“Him? Oh, he went while they was singin’, lady, hed to ketch a train. I showed him the way to the station. Good, wa’n’t he? Beats all what the Lord does when He gets a chance at a soul—”
But Joyce had gone, down the aisle with swift steps, out into the street where it was still raining briskly, and the water pouring along the gutter in deep angry tides. She paid no heed. She fled along on winged feet, across the water, down another block; wet and breathless, she arrived at last at the station.
She did not glance at the clock to see if she had missed her train; she hurried out to the gates, and scanned every entrance to a train, but the man was just closing the gate and slipping down the sign for the New York express, which was moving away in the distance, and there was no other train sign up except her own, the last one out to Silverton that night. She glanced at the clock. There were three minutes before it left. She cast a despairing glance around. He was probably gone on that train to New York and she had missed her chance of telling him how glad she was. She must go home of course. She would be in a terrible predicament if she missed that train, and had to stay in the station all night, for she had no money for lodging and would not have known where to go if she had. And there were her examination papers.
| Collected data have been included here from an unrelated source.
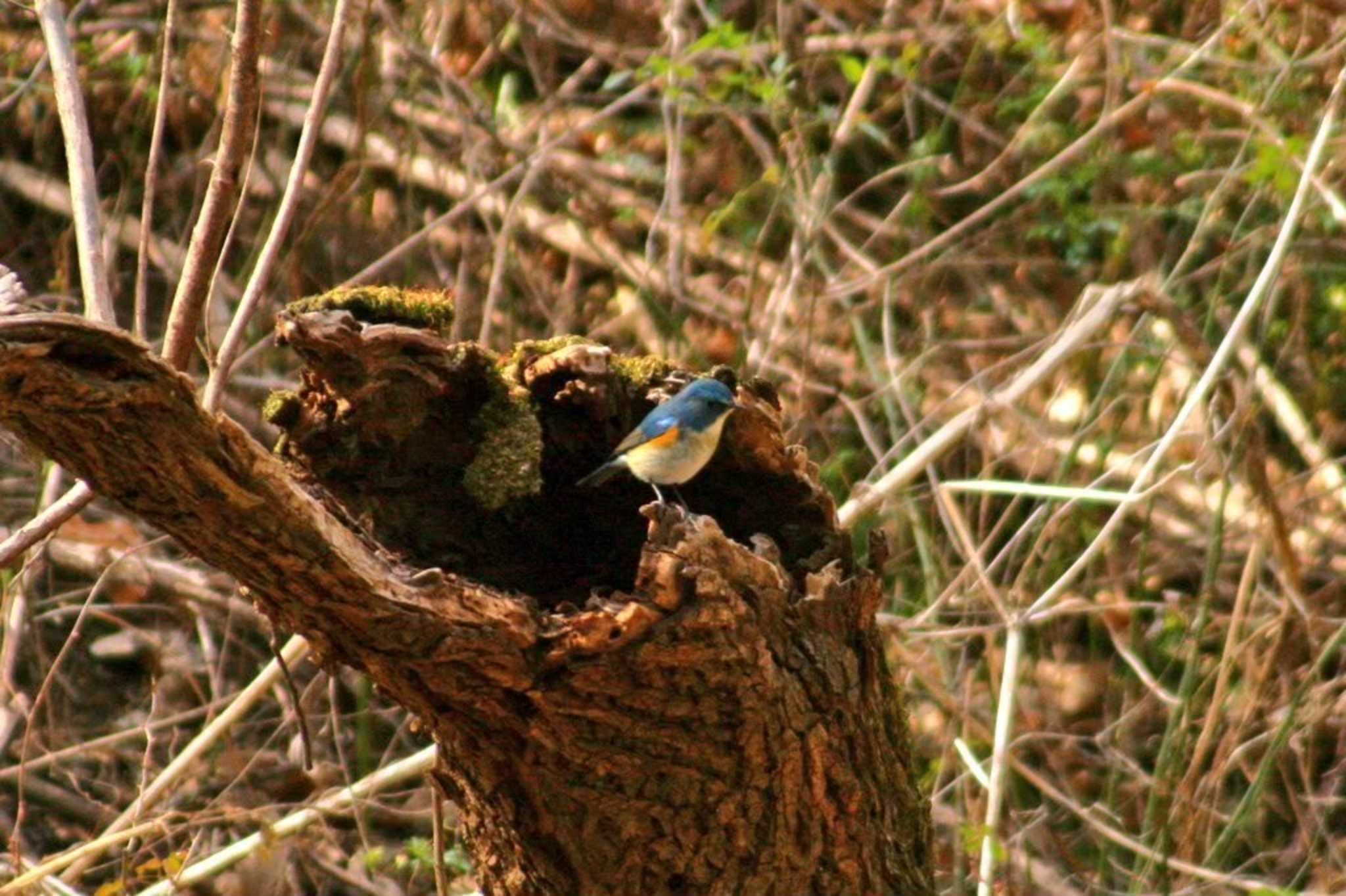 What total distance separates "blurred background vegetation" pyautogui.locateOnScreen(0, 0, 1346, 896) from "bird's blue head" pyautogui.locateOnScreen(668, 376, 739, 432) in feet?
5.85

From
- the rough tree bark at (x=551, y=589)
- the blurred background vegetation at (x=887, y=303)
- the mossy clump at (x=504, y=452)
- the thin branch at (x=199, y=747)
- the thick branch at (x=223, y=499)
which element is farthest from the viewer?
the blurred background vegetation at (x=887, y=303)

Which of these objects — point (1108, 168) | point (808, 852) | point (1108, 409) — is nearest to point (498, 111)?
point (1108, 168)

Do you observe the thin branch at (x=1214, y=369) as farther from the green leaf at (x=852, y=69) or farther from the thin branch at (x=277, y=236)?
the thin branch at (x=277, y=236)

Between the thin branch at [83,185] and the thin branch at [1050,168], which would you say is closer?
the thin branch at [83,185]

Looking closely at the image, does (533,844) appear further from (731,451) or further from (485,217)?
(485,217)

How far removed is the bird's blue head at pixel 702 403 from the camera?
3037 mm

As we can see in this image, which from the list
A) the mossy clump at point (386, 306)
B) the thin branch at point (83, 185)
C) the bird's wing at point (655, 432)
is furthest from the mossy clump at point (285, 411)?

The guard had his hand on the gate and his eye on the clock. She hurried through the gates and onto the train, sinking into a seat just as the train began to move, and feeling a rush of bitter disappointment so deep she could hardly restrain the tears.
Yet beneath it all, as she put her head down on her hand and tried to control her feelings, there was a deep gladness. Her prayers had been answered. Darcy had found the way home. The horror of that night in the cemetery was all cleared away. She had her friend once more, whether he ever knew it or not.
Afterwards, while the wheels were turning in a drowsy tune, and the sleepy passengers, with closed eyes, were trying to snatch a bit of rest on the way, her heart woke up and began to tell over to her every word that he had spoken, every precious look that showed his heart was changed, every intonation of the voice she had known so long. And to think the Lord had used her to make him listen to God’s voice! Oh, it was too dear, too wonderful!
The look of glory stayed on her face the next morning as she came blithely through the hall at school and met the young professor.
“You look as though you had fallen heir to a fortune,” he said sourly, as though he begrudged her her happy heart.
“Why, I have,” she said brightly and smiled.
“Can’t you share it?” he said wistfully.